- _TASK DETAILS_
Once the line holding "5th image of 854 W Armitage Ave Ste 1" is found, output it and all remaining lines of the data exactly, with every picture left out.

- _DATA PROVIDED_

■ ■ ■

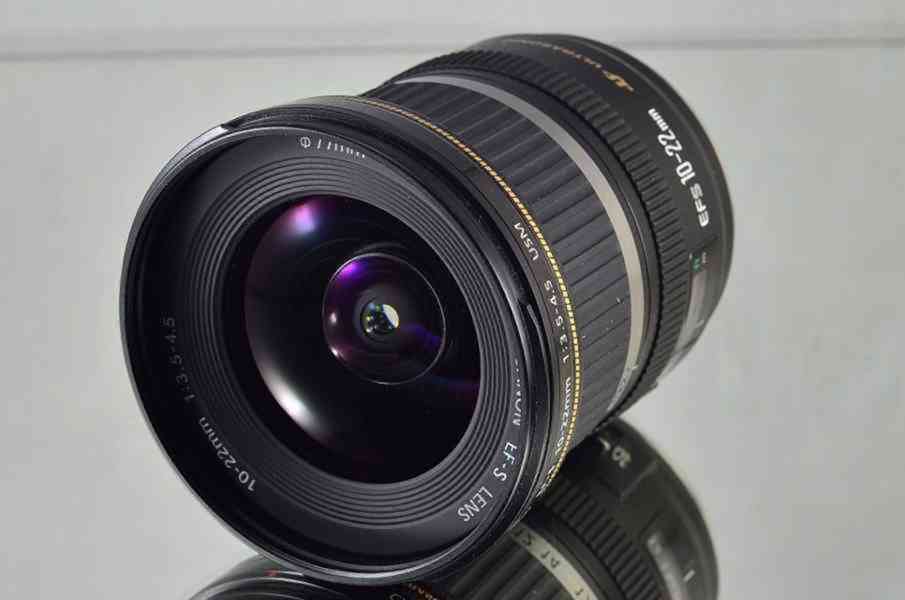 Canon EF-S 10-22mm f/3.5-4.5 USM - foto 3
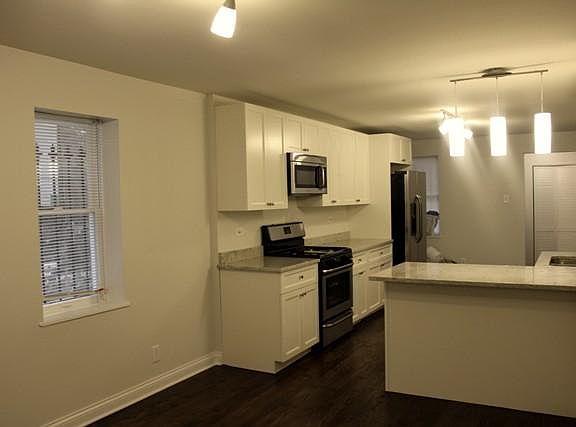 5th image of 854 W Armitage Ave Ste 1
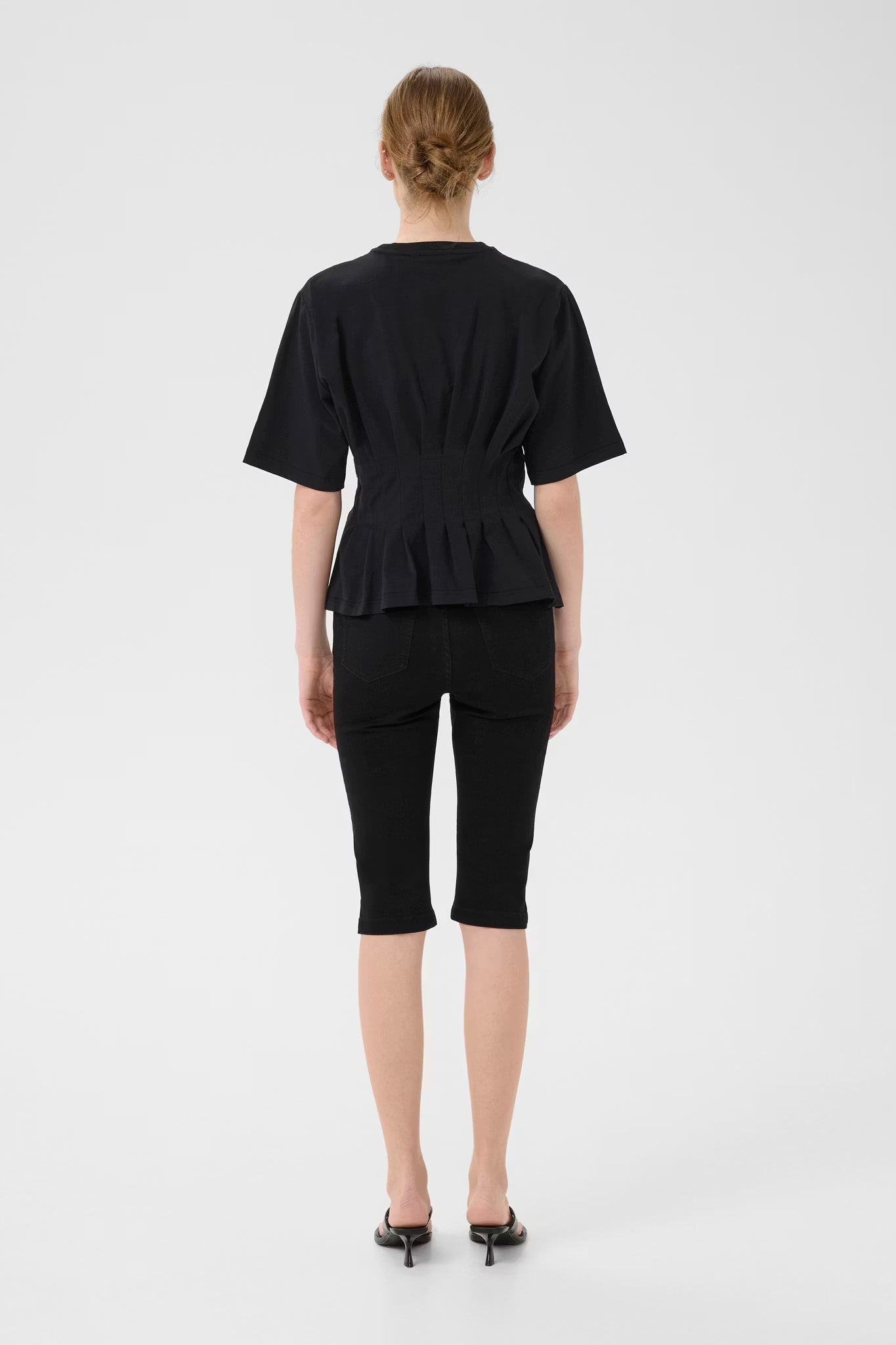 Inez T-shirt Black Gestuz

■ ■ ■

- _FINAL ANSWER_
 5th image of 854 W Armitage Ave Ste 1
 Inez T-shirt Black Gestuz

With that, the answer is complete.